While the office from which Dalli will be working is unclear, except that it will be in Tripoli, the former prisons director will be receiving a financial package of €103,000 a year, according to his contract seen by The Shift and obtained through a Freedom of Information request.

The generous salary is topped with allowances that cover expenses related to communications, transport and compensation for living abroad, among other perks.

The contract is for one year but can be renewed every year, up to a maximum of six years. He is employed as a person of trust by Home Affairs Minister Byron Camilleri.

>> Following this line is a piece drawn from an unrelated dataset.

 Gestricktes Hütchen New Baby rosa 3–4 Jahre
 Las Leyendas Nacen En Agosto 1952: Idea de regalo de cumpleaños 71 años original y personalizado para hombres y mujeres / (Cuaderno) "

According to the previous contract he had as prisons director, also on a person of trust basis, the government could terminate Dalli’s contract with a month’s notice and no further obligations. Instead, the government chose to give Dalli, who is facing serious questions on potential human rights abuse at the Corradino Correctional Facility on his watch, another, more lucrative position in a country condemned by international human rights organisations for its treatment of asylum seekers.

Through his new overseas posting, Dalli will see his annual income increase by €35,000, above his previous salary as prison director of €68,000.

While Minister Byron Camilleri spent months defending Dalli’s track record in the face of an abnormal amount of deaths in prison, the former army pilot “suspended himself” in December as news emerged of the thirteenth dead body found in a cell.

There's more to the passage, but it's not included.